(Crawled caption data)
---+---

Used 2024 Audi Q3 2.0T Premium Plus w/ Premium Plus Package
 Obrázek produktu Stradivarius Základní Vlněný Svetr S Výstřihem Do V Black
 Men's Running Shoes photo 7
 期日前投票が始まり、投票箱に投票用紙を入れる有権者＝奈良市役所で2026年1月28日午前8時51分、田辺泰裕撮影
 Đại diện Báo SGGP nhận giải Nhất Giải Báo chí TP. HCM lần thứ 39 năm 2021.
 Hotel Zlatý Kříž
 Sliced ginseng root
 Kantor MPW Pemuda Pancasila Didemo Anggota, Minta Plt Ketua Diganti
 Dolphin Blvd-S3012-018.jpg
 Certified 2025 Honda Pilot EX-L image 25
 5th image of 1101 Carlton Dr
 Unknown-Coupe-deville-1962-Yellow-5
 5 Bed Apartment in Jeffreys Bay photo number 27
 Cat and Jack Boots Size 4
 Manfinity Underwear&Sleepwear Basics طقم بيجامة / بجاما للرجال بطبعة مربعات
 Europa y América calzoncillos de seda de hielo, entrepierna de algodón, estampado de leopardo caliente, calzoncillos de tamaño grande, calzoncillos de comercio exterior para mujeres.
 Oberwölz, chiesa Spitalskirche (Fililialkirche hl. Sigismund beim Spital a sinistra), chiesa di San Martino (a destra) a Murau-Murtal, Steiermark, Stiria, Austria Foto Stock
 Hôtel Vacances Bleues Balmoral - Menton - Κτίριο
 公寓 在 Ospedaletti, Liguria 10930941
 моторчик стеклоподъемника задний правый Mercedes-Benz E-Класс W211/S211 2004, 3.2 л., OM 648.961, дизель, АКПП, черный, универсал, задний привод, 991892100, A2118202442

---+---

◆ **The problem**
Search the entries above for the string "image", and report each line where it occurs.

◆ **Result of this exercise**
 Certified 2025 Honda Pilot EX-L image 25
 5th image of 1101 Carlton Dr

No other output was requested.